Database Extensions:

  • task_stats table: Per-task aggregates (runs, joules_total, delta_total, eta_avg, accepted_runs)
  • receipts_canonical view: Normalized receipts with extracted accepted flag from JSON metadata

Design Principles:

  • Read-only: Never modifies learning behavior or decision thresholds
  • Backward compatible: Works with existing receipts
  • Modular: Core functions reusable for custom analysis

See CryoFlux Lab – Efficiency Analysis for usage examples.

4. η-Aware Scheduler (cryo-orchestrator/scheduler.py) — Bandit-Based Task Selection

Optional UCB (Upper Confidence Bound) bandit scheduler with ε-greedy exploration for dynamic task prioritization based on η.

Algorithm:

  • Warmup phase: Ensure each task gets warmup_runs executions to establish baseline η
  • UCB scoring: score_i = η_i + c × sqrt(2 × ln(N) / n_i) balances exploitation vs exploration
  • ε-greedy layer: With probability epsilon, force exploration of under-explored tasks (typically the task with fewest runs)
  • Energy feasibility: Only considers tasks where bucket_j >= est_joules × min_bucket_factor
  • Fallback: If unavailable or disabled, reverts to legacy threshold-based selection

Integration:

  • Reads task_stats from receipts database (populated by update_task_stats.py)
  • Strictly read-only: never writes to DB
  • Logs decisions with reason: WARMUP, BANDIT, or EPSILON

Configuration: Controlled via [orchestrator.scheduler] section in config.toml.

See η-Aware Scheduler (Bandit + ε-Greedy) for details.


Configuration (config.toml + env overrides)

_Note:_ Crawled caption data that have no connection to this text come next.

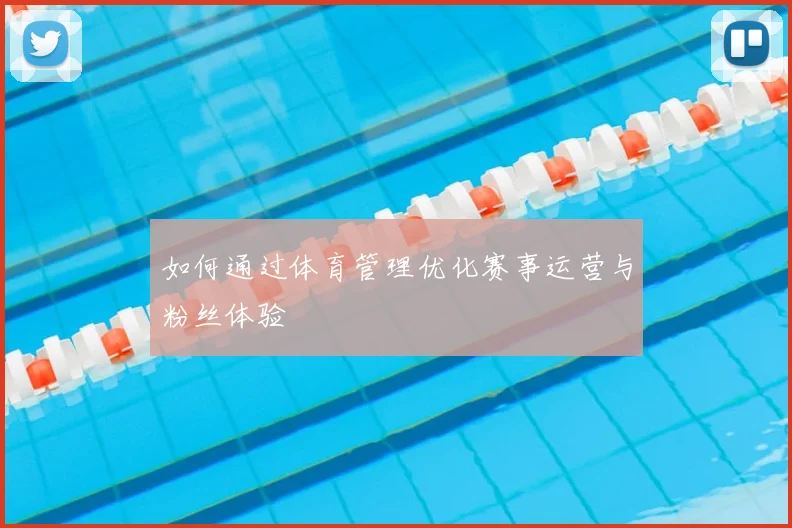 如何通过体育管理优化赛事运营与粉丝体验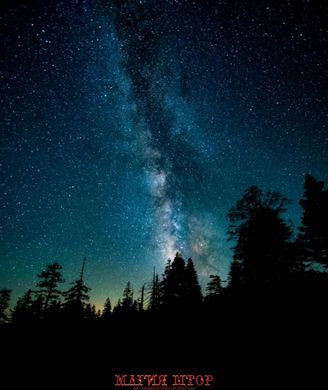 Фотообои Ночное небо в лесу Артикул nus_11194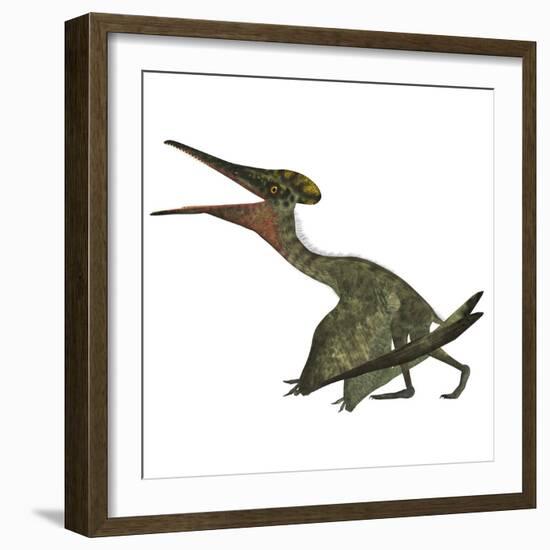 Pterodactylus Flying Reptile-Stocktrek Images-Framed Art Print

All configuration is centralized in config.toml at the repo root. Both JouleAgent and Orchestrator read from this file.

config.toml Structure

# JouleAgent config
[joule_agent]
hz = 2.0                        # Sampling frequency (Hz)
cpu_tdp_w = 65.0                # CPU TDP for power estimation
smoothing_alpha = 0.2           # Exponential smoothing factor
idle_learn_w = 5.0              # Idle baseline learning threshold (W)
bind_addr = "127.0.0.1:8787"    # HTTP server bind address

# Orchestrator core
[orchestrator]
agent_url = "http://127.0.0.1:8787"
receipts_db = "./state/receipts.db"
seed = 42

[orchestrator.model]
encoder_model = "sentence-transformers/all-MiniLM-L6-v2"
clf_base = "distilbert-base-uncased"
lora_rank = 8

[orchestrator.energy]
min_joule_to_run = 1.0
task_index_est_joules = 20.0    # Estimated energy for index_refresh
task_lora_est_joules = 120.0    # Estimated energy for lora_delta

[orchestrator.data]
incoming_dir = "./data/incoming"
holdout_csv = "./data/holdout.csv"
embeddings_cache = "./state/embeddings"

[orchestrator.storage]
capsules_dir = "./state/capsules"
base_dir = "./state/base_model"
candidates_dir = "./state/candidates"

[orchestrator.merge]
lora_accept_min_delta = 0.003
merge_every_n_capsules = 1

# η-aware scheduler
[orchestrator.scheduler]
bandit_enabled = true           # Enable/disable scheduler (false = legacy thresholds)
ucb_c = 0.3                     # Exploration constant (higher = more exploration)
warmup_runs = 0                 # Minimum runs before bandit (0 = immediate bandit mode)
min_bucket_factor = 1.0         # Task eligible only if bucket_j >= est_joules × factor
epsilon = 0.1                   # ε-greedy exploration probability (10% exploration)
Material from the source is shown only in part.